Conversation Corner - Conversation with NHIA CEO, Sara Merckel and Neil Odgers from HICO

In honouring our industry, we spotlight the individuals whose dedication and unwavering commitment have left an indelible mark. CEO Sara Merckel had the privilege of talking with Neil Odgers, a stalwart of HICO, who now embarks on his well-deserved retirement, culminating a career spanning nearly four decades and leaving a profound legacy in herd improvement.   

It was a truly inspiring experience to converse with Neil, a man whose journey began in September 1988. His deep-rooted connection to the dairy, beef, and sheep industry of the Korumburra region ignited a profound passion for herd improvement within him. From his humble beginnings at the Murray Goulburn Milk Factory to his long-standing tenure at HICO, Neil's trajectory was marked by a pursuit of excellence, always striving to provide the best service and support to HICO and its customers.  

Starting as a lab technician at the Murray Goulburn Milk Factory, Neil then transitioned to HICO, where he spent his first 8-9 years driving trucks, contributing to the lab team, and organising sampling officers. In 1999, he assumed the role of General Manager of South Gippsland Herd Test Association, which later evolved into Gippsland Herd Improvement. His career then moved to herd test/lab Manager and continued in Management roles for 17 years. In 2017, Neil pursued other areas within HICO outside of Management, working in the lab and with machines.  

In Neil’s expertise, he says there is a big challenge on the herd test side, where there are fewer and fewer farms, but the ones remaining are getting bigger. There are all sorts of challenges which is resulting in business mergers.  

It is key to understand how to keep people in our industry, and Neil reflected on the longevity of his career, which is owing to being surrounded by great people in the business. He has been surrounded by staff dedicated to getting the job done, which he knows has been the fortunate part of his career. He believes the key to holding onto great staff is finding the people who want to contribute, which helps job satisfaction, as well as those who have farming in their background who are attracted naturally. As Neil says these words, I ask our members, how can we reflect and make our people feel a deeper connection to their roles? Neil accounts that his own success was his strong focus and looking after the customer, no matter what the challenge.  

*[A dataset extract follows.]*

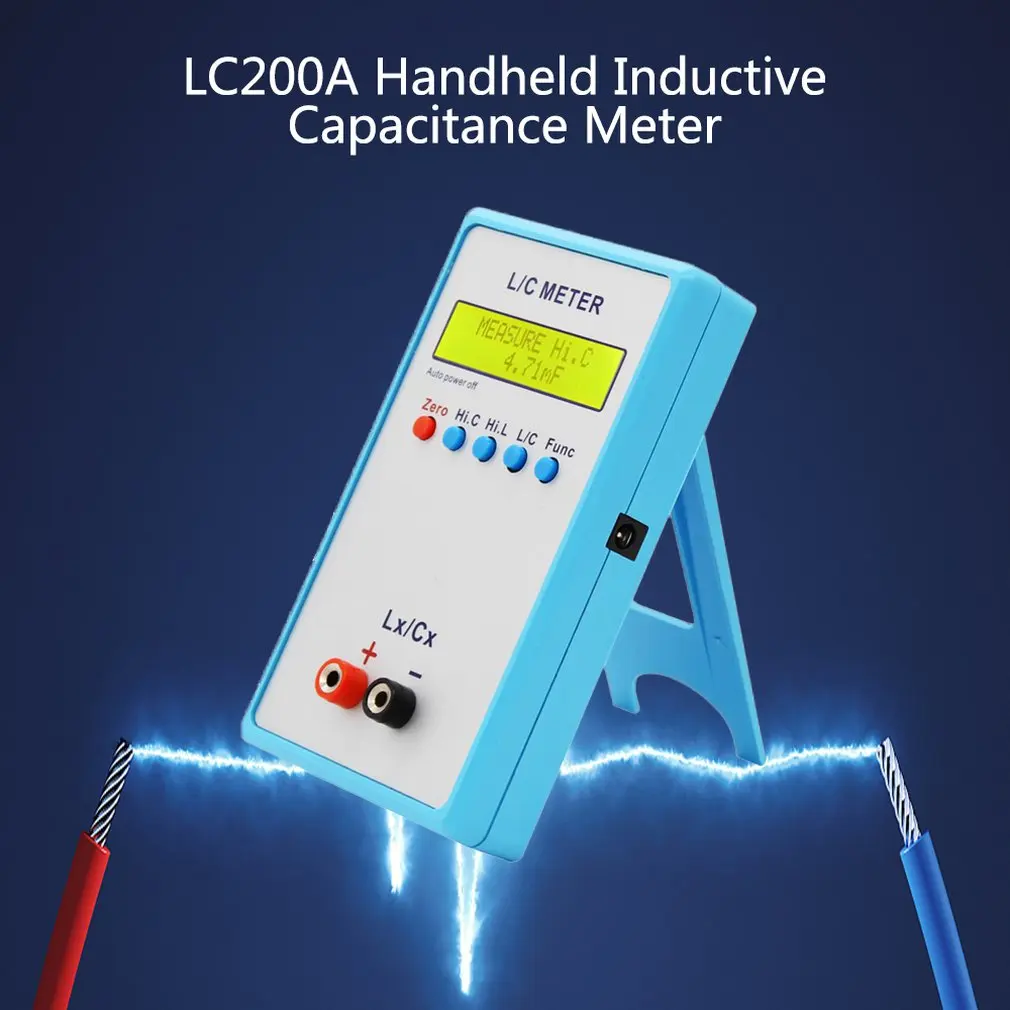 LC200A Handheld Inductance and Capacitance Meter Digital Bridge LCR | Обустройство дома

There will be times we will all struggle with work/life balance, and Neil says he managed this  reasonably well, again he was always fortunate to have good people around him, but when he took leave and travelled with his wife, he took the deliberate intention to shut down and would turn his phone off. Being able to vacate from work and switch off helped him come back refreshed, so much so that he forgot his password upon returning to work. Neil says he came back positive and relaxed, Neil’s advice is no matter how important you are, take a break, also enjoy your people, staff, managers, clients, famers and remember everyone has bad days.  

Neil says his career is filled with good times, ordinary times and everything in-between, and fondly remembers a dim sim eating challenge in the office, they made the healthy choice of steamed dim sims, everyone brought in their cookers and stunk out the office. The winner got through 26 dim sims in 10 mins, Neil fell short at only 16. This shows how bringing some innocent fun to the office creates sometimes the most memorable moments.  

Industry is looking for good staff, I asked Neil his thoughts on why someone would give a career in herd improvement a go. Neil’s tips to anyone exploring a new career:

·        A lot of it is what you make of it

·        Make things happen and take ownership

·        It is also a 2-sided coin with the support of the people above you  

I asked Neil for our learning, what skills has he seen in good Managers and staff, his answer is communication, talking but mostly listening to what people are saying. Lead by example in attitude. Check in on people, and for the Managers, have an awareness of your staff, as they are getting the job done.  

If Neil had a crystal ball, what would he improve in industry? From a herd testing perspective, he said electronic metres have limited success and robots systems are successfully making it easier for farmers. Neil’s crystal ball would have a simpler way to herd test, making it more user friendly from farm to the lab.  

Neil's imparting wisdom is summarised that he's glad to have contributed. He has been supported by countless people along the way, too many to mention that he has immense gratitude for.  

Neil says time has gone by to quick, but with a big grin on his face now embraces retirement by looking forward to travelling through Australia by caravan, possibly some overseas travel, he plans to get back into tennis, you might find him at country week tennis.  

Neil wishes everyone at HICO the best for the future and passes the same wishes onto industry.  

To Neil Odgers, we express our deepest gratitude for his years of dedication and wish him a retirement filled with fulfilment and joy, embodying the same passion and zest for life that defined his remarkable career.